The stuff we have to put up with....
Lynda Brown - 14 January 2013
My brother rang last week to alert me to a feature on Radio 2’s Jeremy Vine Show about how because of last year’s atrocious rainy weather, veg hadn’t got any nutrients, and how it was worse for organic veg.
What actually happened was that ‘leading scientist’, Professor Mike Gooding, Head of Agricultural Policy and Development at University of Reading was putting it about that fruit and veg and cereals maybe less nutritious and tasty (eg rain leaching out nitrogen means less protein – he was referring mainly to cereals here, less sunshine means less sugars etc). And that though organic growers were more resilient because they grew a more diverse range of crops, organic veg were potentially worse off because they hadn’t got recourse to quick fix artificials. Radio 2’s analysis was somewhat, shall we say, more populist: "So," trilled Jeremy Vine, "organic veg are more vulnerable, therefore less nutritious, so why bother buying them?"
Now, knocking organic by people who don’t appear to know the first thing about what organic food and farming actually is has become so rife you could be forgiven for thinking it's official media policy.
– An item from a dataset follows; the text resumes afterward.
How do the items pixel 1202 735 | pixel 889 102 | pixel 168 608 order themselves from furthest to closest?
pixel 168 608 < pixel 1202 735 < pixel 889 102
But that’s not what interested me. As any gardener will tell you, you don’t need a PhD to work out that weather has affect on quality – but because a ‘leading scientist’ says so, all of a sudden it’s public health drama number 1, and the media are having a field day. Nor can I believe any soil scientist wouldn’t wish to correct the statement that organic veg are worse off – for example, organic soils are significantly higher in water retentive humus as well the all important microbial soil life which aid uptake of micronutrients, which means organic veg are likely to suffer less not more.
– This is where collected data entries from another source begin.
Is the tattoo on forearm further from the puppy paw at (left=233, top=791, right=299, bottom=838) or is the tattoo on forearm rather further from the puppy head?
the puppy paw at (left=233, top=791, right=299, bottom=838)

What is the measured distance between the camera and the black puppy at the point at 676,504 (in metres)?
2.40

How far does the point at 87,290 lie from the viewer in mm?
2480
Fortunately for me, however, I didn’t need to fire off a ‘yours disgusted’ to Radio 2: the callers that followed including Radio 2’s allotment grower, Terry Walton, who did a brilliant job of advocating both the benefits of growing organically and the fallacy of artificials. As he explained, flavour comes from growing crops naturally, not from growing them cheaply; and that it’s what we are prepared to do to make them nutritious and tasty that counts. Maybe leading scientists need to think about that?
Lynda is an award-winning food writer and broadcaster, and keen advocate for organic living. She is author of several food books over the last twenty years including Planet Organic: Organic Living, The Cook's Garden, and The Modern Cook's Handbook, as well as writing The Preserving Book that was published in 2010 in association with the Soil Association. Lynda is an expert on food and nutrition and a seasoned broadcaster, regularly speaking on food and farming both on the radio and television.
30 January 2013 09:59
Well written Lynda keep logging the attacks on organic growers and produce. Who is saying these things is also important. He may well be aware of what is happening and what the changes are going to be with regard to organic seeds and heritage seeds.